Another interesting illustration of this was an email J and I received recently from a couple we had met a week or so ago. We had met them for drinks, and decided that although neither of us were attracted to either of them, we would definitely socialize with them more at our swingers club. They were on a trip to Portland and were only here for another week or so. After a few days and another email to them, they finally got back to us saying that they didn’t want to have an awkward time with us: they were uncomfortable thinking about “just” socializing with us, us introducing them to some of our sexy friends, and then what might happen if they hit it off with our sexy friends… wouldn’t that make us feel bad?
Reading their email made me cringe, laugh, and feel badly for them. To go through life assuming that sex is a zero-sum game is sad to me. I have experienced this in other areas of my life, too: money, good luck, love, happiness. The framework of a zero-sum game doesn’t make me feel good. Ever. It creates anxiety, frantic stress, and sadness.
And the truth is: life is not zero sum. The more we give, the more we get. Sex included.
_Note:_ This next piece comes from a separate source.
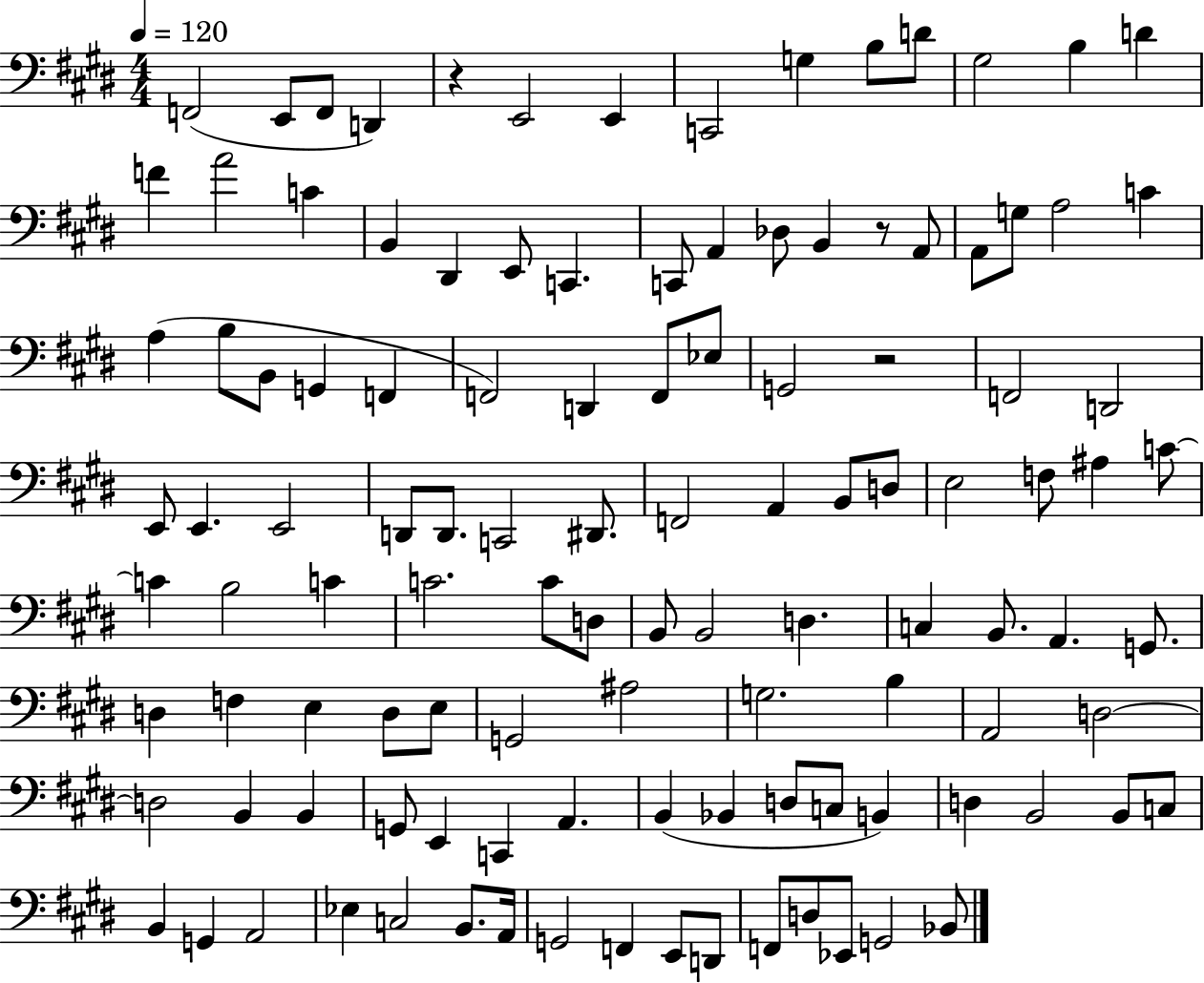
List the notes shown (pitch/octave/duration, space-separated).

F2/h E2/e F2/e D2/q R/q E2/h E2/q C2/h G3/q B3/e D4/e G#3/h B3/q D4/q F4/q A4/h C4/q B2/q D#2/q E2/e C2/q. C2/e A2/q Db3/e B2/q R/e A2/e A2/e G3/e A3/h C4/q A3/q B3/e B2/e G2/q F2/q F2/h D2/q F2/e Eb3/e G2/h R/h F2/h D2/h E2/e E2/q. E2/h D2/e D2/e. C2/h D#2/e. F2/h A2/q B2/e D3/e E3/h F3/e A#3/q C4/e C4/q B3/h C4/q C4/h. C4/e D3/e B2/e B2/h D3/q. C3/q B2/e. A2/q. G2/e. D3/q F3/q E3/q D3/e E3/e G2/h A#3/h G3/h. B3/q A2/h D3/h D3/h B2/q B2/q G2/e E2/q C2/q A2/q. B2/q Bb2/q D3/e C3/e B2/q D3/q B2/h B2/e C3/e B2/q G2/q A2/h Eb3/q C3/h B2/e. A2/s G2/h F2/q E2/e D2/e F2/e D3/e Eb2/e G2/h Bb2/e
There are always loving people in the world who will be there for us, but only if we plan on it. Expecting less love and competition in romantic and sexual partners means we will act in accordance with that belief and inevitably have interactions that prove to us that life is a competition. Expecting a flourishing of love and sex, of happiness and real wealth in human interaction and connection, means we will experience all that those connections can offer.